Syllabus for MMA440 Mathematical Structures of Deep Neural Networks Spring 24

Course syllabus

The goal of this course is to give an overview of mathematical structures that appear in modern deep neural networks and how these can be used to understand neural networks theoretically. The course is aimed at students familiar with advanced mathematics but not machine learning.

At the end of the course, the students should be able to understand current research literature in the field and carry out their own projects in deep learning.
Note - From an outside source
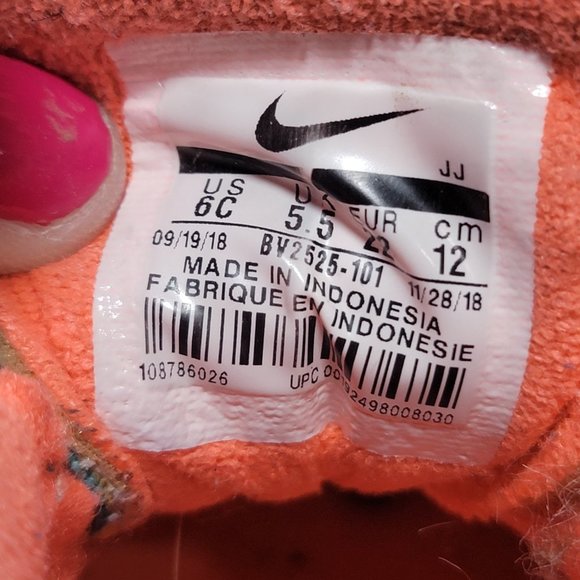 Nike Kids Air Speed Turf Training Shoes White/Aqua/Mango Size 6C, UK 5.5, EUR 22 - Picture 10 of 10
The course starts with a concise introduction to deep learning, followed by deeper dives into the topics of equivariant neural networks, large width neural networks and geometrical aspects of explainable AI. Additional lectures cover the practical aspects of implementing neural network training on Google Cloud infrastructure. The lectures are accompanied by exercise sessions and homework assignments, where students gain hands-on experience with training neural networks. The course is graded with a project.

Program

The schedule of the course is available in TimeEdit.

Lectures

In the first part of the course, the lectures introduce the necessary deep learning background

Lecture 1, Introduction to machine learning:

Supervised learning, unsupervised learning reinforcement learning
Empirical risk minimization
Linear classifier
Maximum likelihood and negative log-likelihood loss
Principle component analysis and singular value decomposition

Lecture 2, More machine learning basics:

Generalized linear models
Generalization, underfitting, overfitting
Regularization, weight decay
Hyperparameters and model evaluation
Bias-variance tradeoff

Lecture 3, Introduction to deep learning:

Multi-layer perceptron and universal approximation theorems
Backpropagation, forward- and reverse mode AD
Activation functions
Gradient based optimizers

Lecture 4, Deep learning, part 2:

Exploding and vanishing gradients
Xavier- and Kaiming initialization
Regularization of neural networks: weight decay, early stopping, batch normalization, ensembles, dropout, data augmentation, gradient clipping
Transfer learning
Adversarial attacks
Learning random labels

Lecture 5, Important neural network architectures:

Convolutional neural networks
Residual neural networks
Transformer
Graph neural networks
Generative adversarial networks

In the second part of the course, the theoretical basis for advanced topics are discussed

Lecture 6, Explainable AI and geometry:

Explainable AI, saliency maps, clever Hans effect
Counterfactual explanations and adversarial examples
Normalizing flows
Diffeomorphic counterfactuals
Normal coordinates on the data manifold
Induced metric on the data manifold
Results on a toy problem and various image datasets

Lecture 7: Equivariant neural networks, part 1:

Symmetric learning problems, regular representation
Equivariant models
Ways to build equivariant models, data augmentation, averaging, canonicalization, manifest equivariance
Group convolutions, lifting, group pooling
Group convolutional neural networks for roto-translations

Lecture 8: Equivariant neural networks, part 2:

Universality of group convolutions
Group convolutions for SO(3) and spherical CNNs, Clebsh-Gordon nets
General group convolutions in Fourier space, Peter-Weyl theorem
Equivariant graph neural networks
Geometric deep learning

Lecture 9: Large width neural networks, part 1:

Gaussian processes
Empirical neural tangent kernel
Standard- and NTK parametrization
Neural network - Gaussian process correspondence
NTK convergence at infinite width

Lecture 10: Large width neural networks, part 2:

Solving gradient descent dynamics at infinite width
Computing the NTK, forward equation
Linear models and infinitely wide neural networks
Criticality and neural network phase diagram
Trainability and generalization

In parallel to the above lectures which cover the theoretical background, additional lectures introduce the practical aspects of implementing neural network training with standard deep learning frameworks using Google Cloud computing infrastructure

Lecture A: Python and the compute environment

Lecture B: Tensors in NumPy and PyTorch

Lecture C: Automatic differentiation and neural networks in PyTorch

Lecture D: Neural network training in PyTorch

Lecture E: PyTorch Lightning

Lecture F: Project proposal and normalizing flows

Assignments and exercise sessions

The assignments are available in this GitHub repository: https://github.com/JanEGerken/ms-in-dnns

In weekly homework assignments, you will implement neural network training related to the subjects covered in the lectures. This serves as a preparation for the final project. The assignments are discussed in weekly exercise sessions where technical problems can also be discussed. Assignments are due on Fridays at 18:00 and submitted via Canvas.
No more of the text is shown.